Enkeru Mâ Ravâhu Fulân Keza: “Falancanın en münker rivayet ettiği hadis şudur” manasına muhaddislerin ibareleri arasında arada bir rastlanan tabirlerdendir.
Hadisciler bazen zayıf olmayan bir hadis hakkında bu tabiri kullanırlar. Bununla o hadisin genelde münker rivayetlerde bulunmakla tanınmış bir ravinin hadisi olduğuna işaret etmiş olurlar. Meselâ İbn Adî şöyle demiştir: Bureyd b. Abdillah b. Ebî Burde’nin en münker hadisi, “Yüce Allah bir ümmete hayır dilediğinde peygamberinin ruhunu kendilerinden önce alır” hadisidir. Bu hadisin tarîki hasen, ravileri sikadır. Bir kısım hadis alimleri onu sahih saydıkları hadisler arasına katmışlardır.
ez-Zehebî de bir yerde aynı ibareyi kullanarak “Velid b. Müslim hadislerinin en münkeri Kur’ân-ı Kerim’in ezberlenmesine dair hadisdir” demiştir. Oysa Velid’in bu hadisini Tirmizi rivayet etmiş hasen olduğunu belirtmiştir. el-Hâkim ise aynı hadisin eş-Şeyhân’ın şartına göre sahih olduğunu söylemiştir. 218
Kullanıldığı yere ve kullanma şekline bakılırsa denilebilir ki, hadis alimleri genelde münker rivayetlerde bulunmakla tanınan ravinin hadisine işaret etmek istediklerinde enkeru mâ ravâhu fulânun keza demişlerdir. Bununla bahse konu hadisin daha çok münker rivayetlerle bilinen ravinin hadisi olduğunun gözden uzak tutulmaması gerektiğine dikkat çekmişlerdir. Aslında münker rivayetle tanınan bir ravinin bütün hadislerinin münker olması gerekmez.
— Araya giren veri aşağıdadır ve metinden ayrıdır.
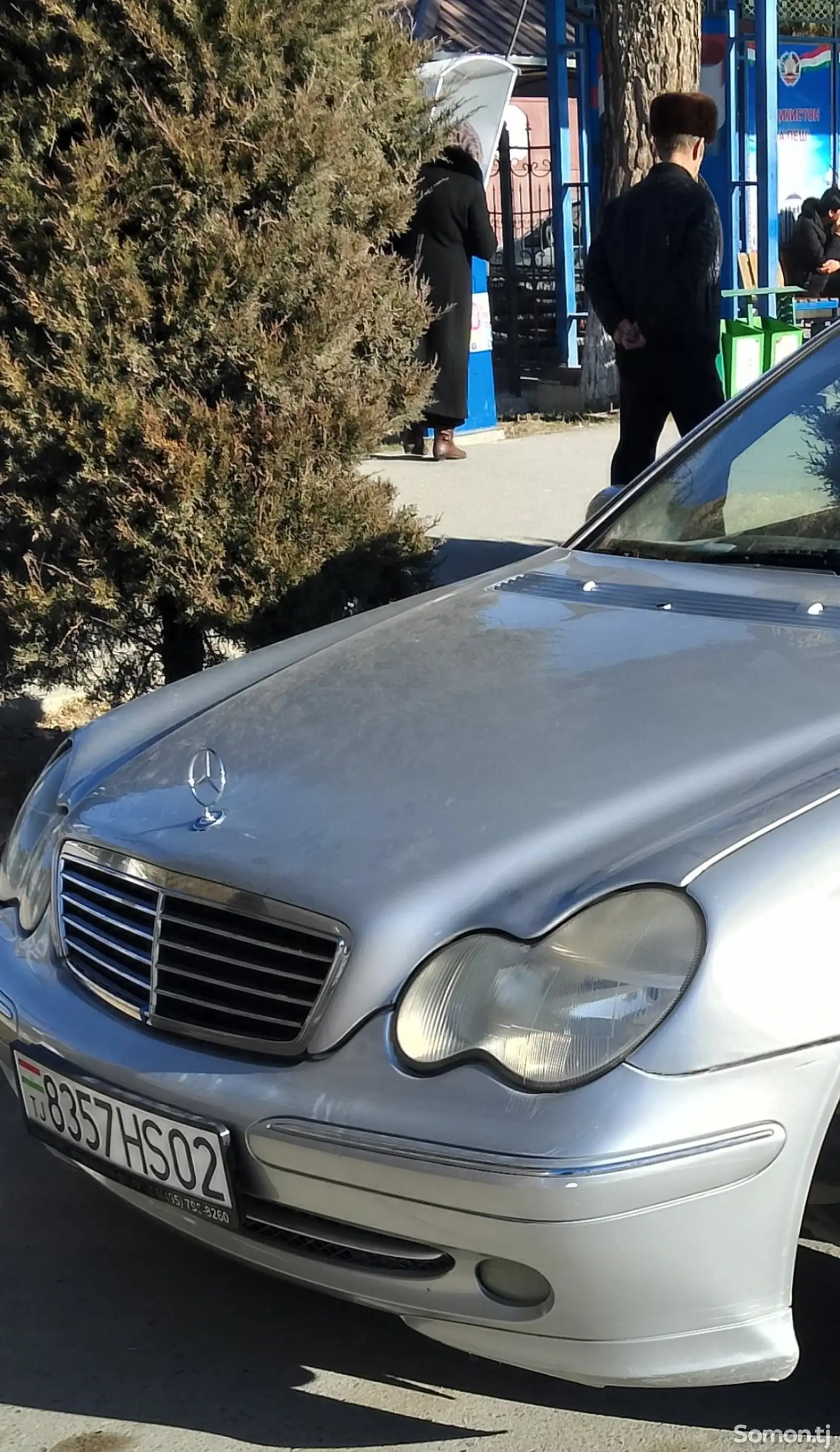 Mercedes-Benz C class, 2003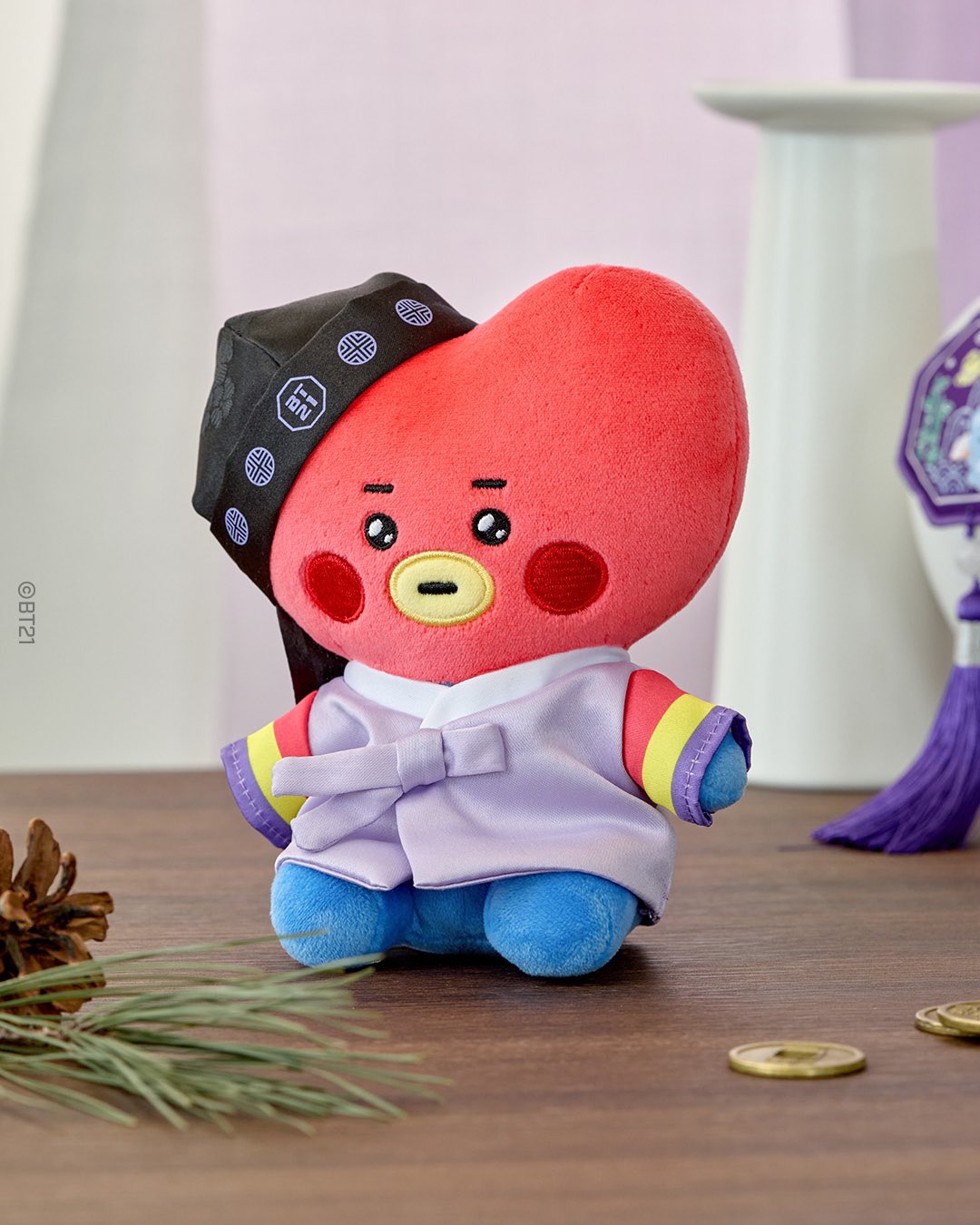 Amazon.com: BT21 Wappen Collection RJ Character Lightweight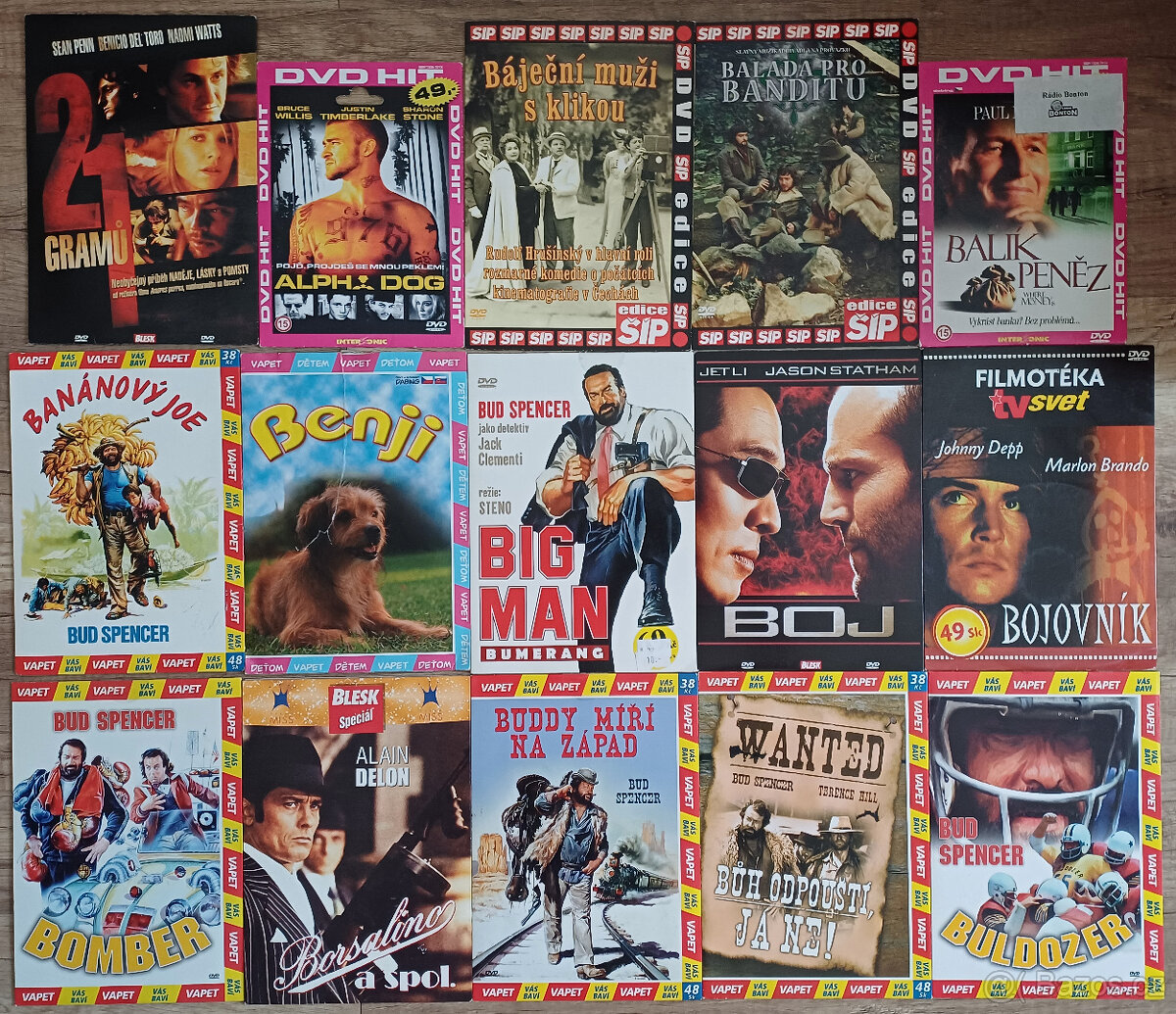 DVD různého žánru - 13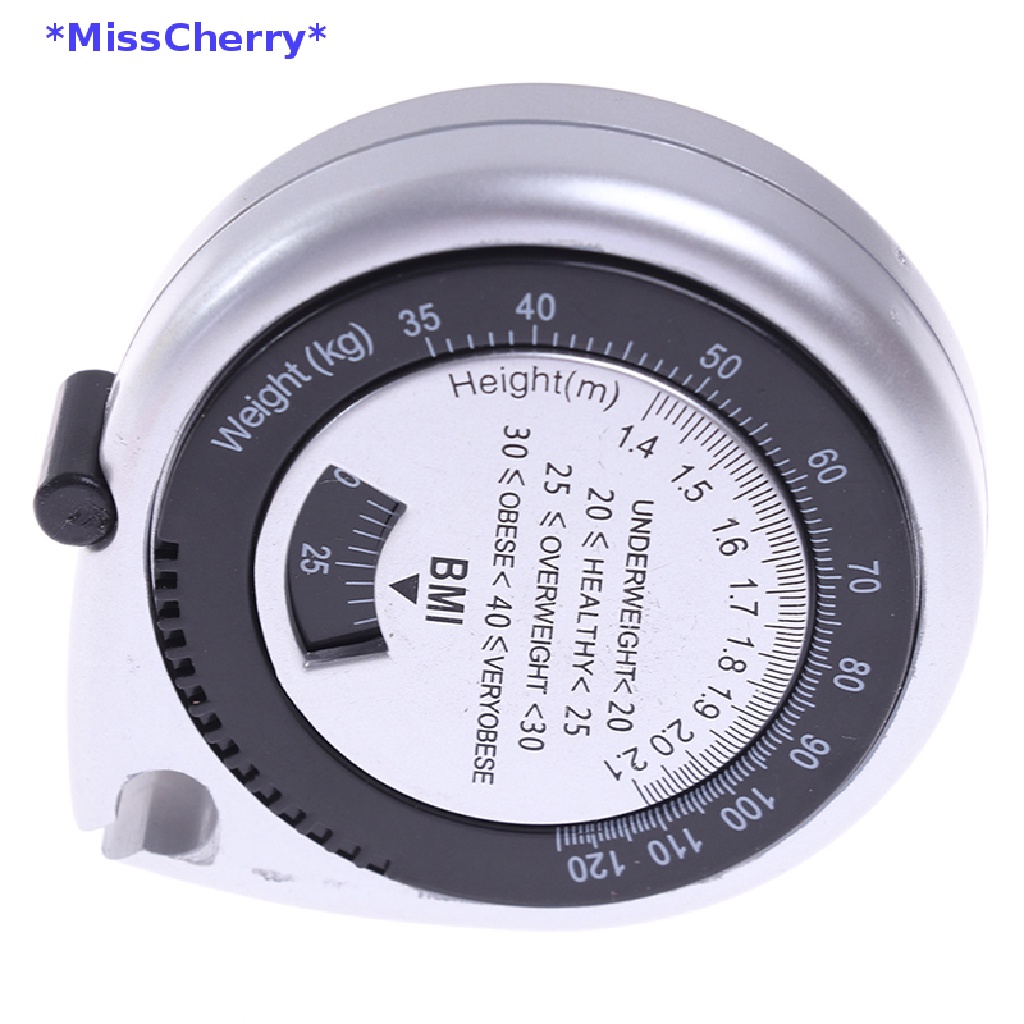 Mchy &gt; Thước Dây Đo Cơ Thể Với Máy Tính BMI - Kiểm Tra Mỡ Thừa Giảm Cân Mới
Kaldı ki, enkeru mâ revâhu fulânun keza diyen hadis alimi o hadis gerçekte zayıf değilse ravisini tezkiye ediyor demektir. Türkçede de bir kimse hakkında “falanın en iyi yaptığı iş yalan söylemektir” demek aslında onu kötülemek; buna karşılık “en kötü işi şudur” demek aslında onu bir anlamda öğmektir. Şu hale göre bir ravi hakkında enkeru mâ ravâhu fulânun keza denilerek bir hadis nakledilmişse o hadis mutlaka münker değildir. Aksine hakkında verilmiş olan sıhhat hükmüne göre değerlendirilecek niteliktedir.